My idea of a perfect Halloween is spending a small fortune on stale monkey nuts and shivering door-to-door through the rain, explaining that my daughter is Elvira, not a pale, poverty-stricken child of recession. Much preferable to dancing into the small hours and snorting shots from the navel of a scantily clad Wonder Woman.

Parenthood. It has all the pluses.

Last year, we started what the missus wants to develop as a Halloween tradition. She dragged a few of the local parents up to our house so all the kids could wail and jangle chains together before taking off down to the nearest estate to harass pensioners and single house-sharers into coughing up the contents of their biscuit jars. I missed the show and was browbeaten on my return for having the temerity to be elsewhere for such an important occasion.
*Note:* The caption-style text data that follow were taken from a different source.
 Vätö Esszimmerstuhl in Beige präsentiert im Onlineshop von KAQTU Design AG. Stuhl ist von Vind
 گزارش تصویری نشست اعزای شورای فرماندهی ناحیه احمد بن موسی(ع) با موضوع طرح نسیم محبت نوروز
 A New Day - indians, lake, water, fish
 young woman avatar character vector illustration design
Halloween has left the lowly third division status of Father’s Day far behind and become something we must all hold in high esteem. The stature of this particular party has grown so high that I have been instructed to build all other arrangements around this one.
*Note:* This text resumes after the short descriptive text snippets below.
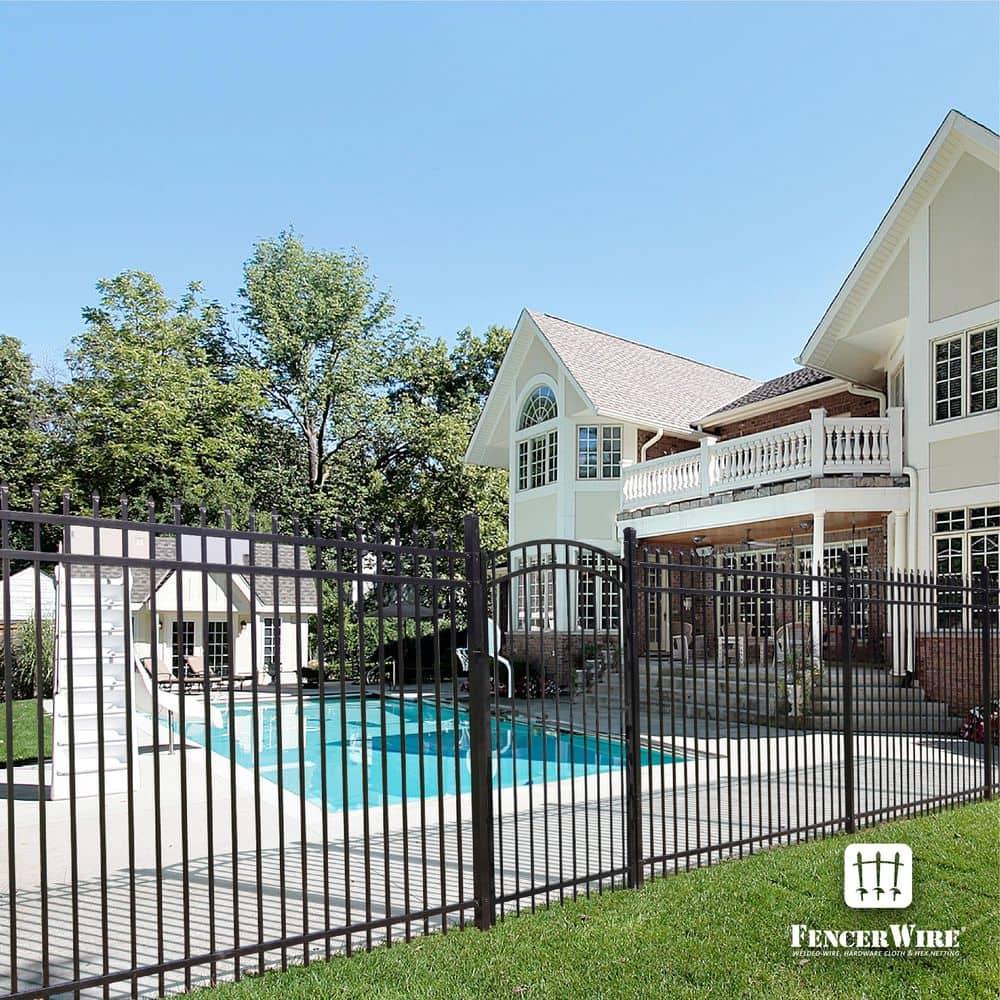 Fencer Wire Fencer Wire Heavy Duty 4/ 5/ 6FT H X 4FT W Arched Decorative Fence Gate with Gate Lock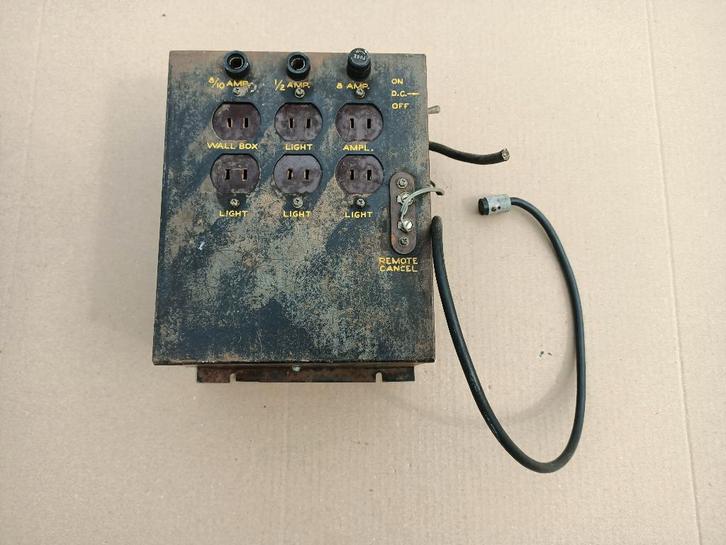 Voeding/ Verlichting AMI B (1949) jukebox, Verzamelen, Automaten | Jukeboxen, Gebruikt, Seeburg, 1950 tot 1960, Ophalen of Verzenden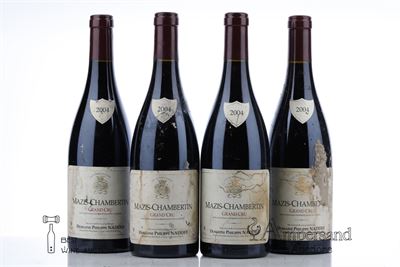 MAZIS CHAMBERTIN 2004 - Philippe Nadef - 4 Bottles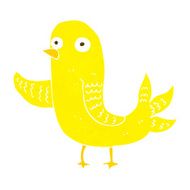 cartoon waving bird N18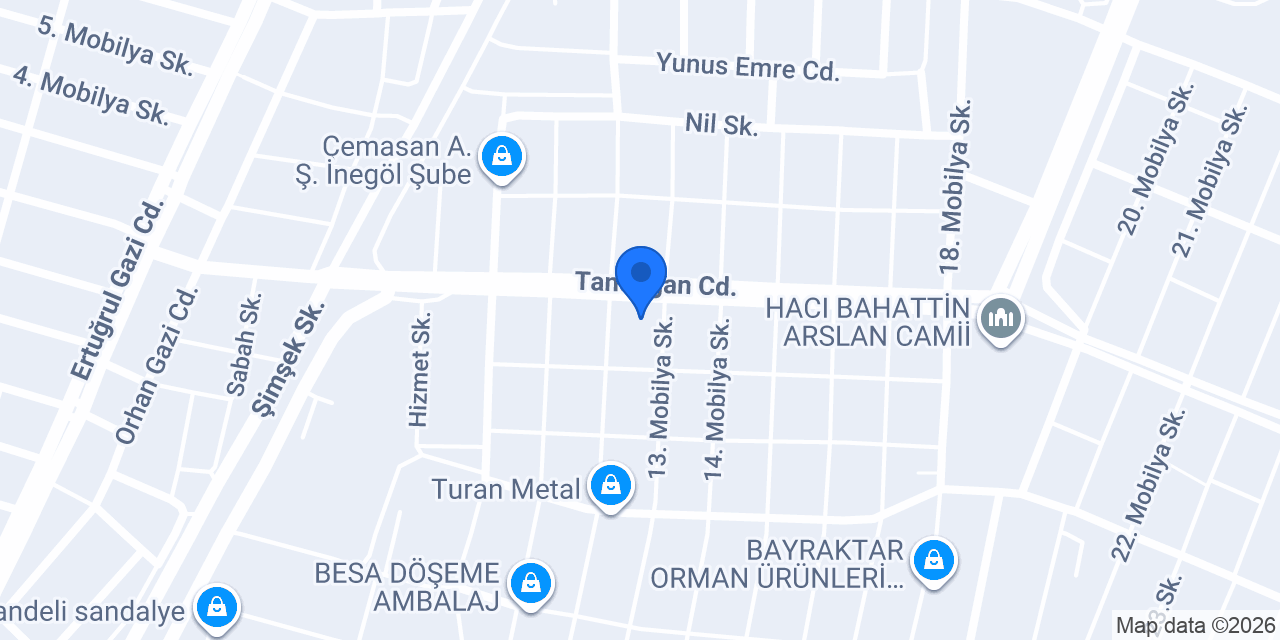 SAMET NALBURİYE HIR.VE MOBİLYA LTD.ŞTİ. konumu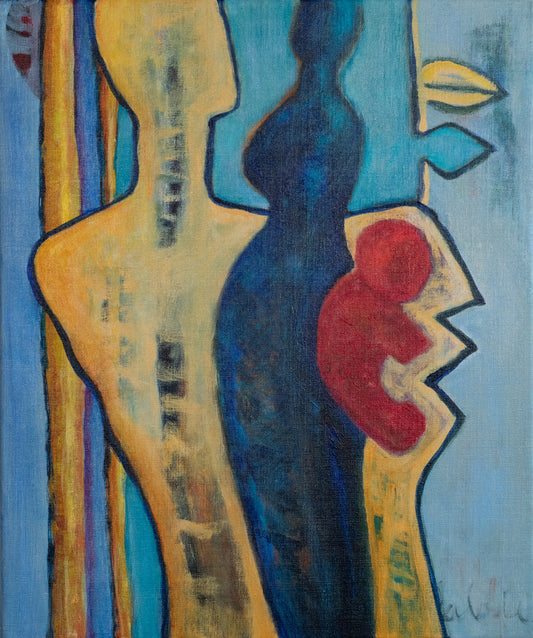 78. Driehoek van kleur (2003-50x65)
I was also instructed to make myself available after school a week in advance for the initial costume brain- storming. When that was done and decisions had been made, I provided transportation to the relevant places of business for haberdashery, face paint and hair product. But even with costume and stage management complete, the work continues on the night with hosting and tour driving. Halloween is like directing a coast to coast Spinal Tap tour, except with more volatile stars.
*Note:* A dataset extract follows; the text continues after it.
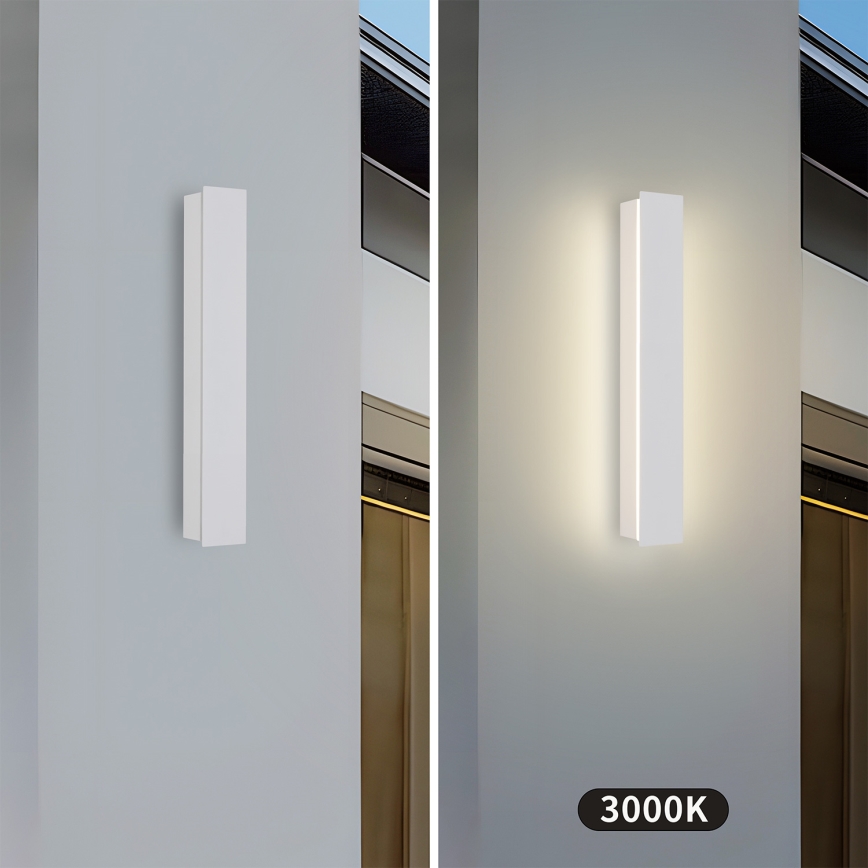 Brilagi - LED udendørs væglampe LINEAR LED/8W/230V 3000K IP65 30 cm hvid CRI 90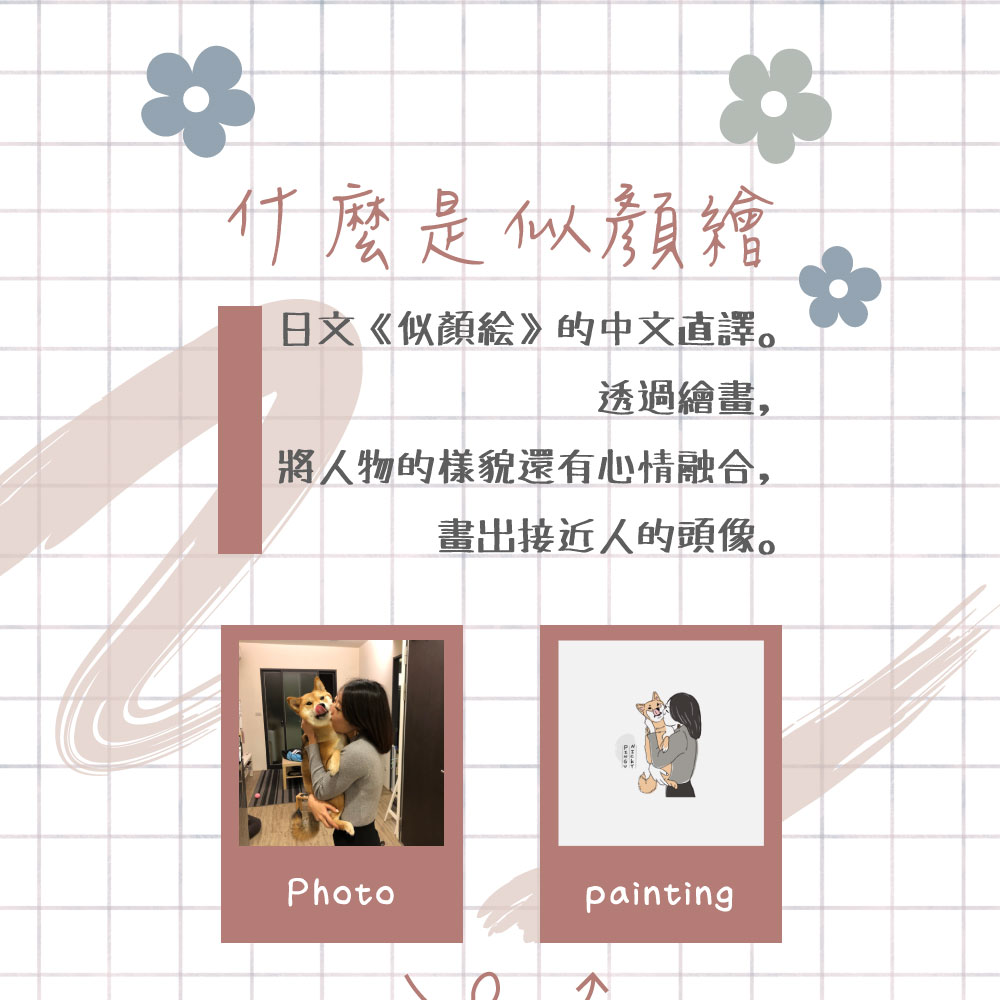 似顏繪電子票證（御守皮革造型）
They aren’t bad nights out though. One of my favourite quotes of recent years occurred when the Corpse Bride look was de rigeur. I chaperoned a bunch of pre-teen, deathmasked, cobwebbed girls in pseudo-wedding garb down a dark street armed with begging buckets and past a couple of gaping old ladies. “Is it a communion?” I heard one ask the other, mystified.

So, as I and every other parent of young children prepare for our annual fright-night foray, I have a request to those of you who won’t be out between seven and nine, but will rather be donning dapper suits and/or preparing to “tart up” for a night of partying. Tonight, when the doorbell rings, answer it.

We know you’re in there. It may be a drag to have to open up and take in yet another bunch of Harry Potters and Spidermen. All they want is for you to ooh and aah a little, cover your eyes in mock fear and laugh at them.

They want treats too, but they’ll take banter and a giggle if that’s all that’s on offer. If you can, pay a visit to Aldi in advance and for a fiver you’ll buy enough chewy sweets to assure loyalty from the neighbourhood’s youth forever. It may be sooner than you realise before you might need these same kids to babysit your as yet unborn offspring and allow you the odd sneaky Halloween night out.

Think as well, if you can, of us lot, shivering out there. Standing like lemons as little Buzz Lightyear stares up at us confused, saying, “I can see them through the window daddy, I can see the TV on. Why won’t they come to the door? Why daddy? Why?”

It’s soon enough they’ll be sneaking off to bonfires with their mates, clanking Bacardi Breezers, swearing they’re just off to watch a DVD in a friend’s house. In the meantime, I want them to enjoy the mwah-ha-ha while they still can. So give us a dig-out. Please.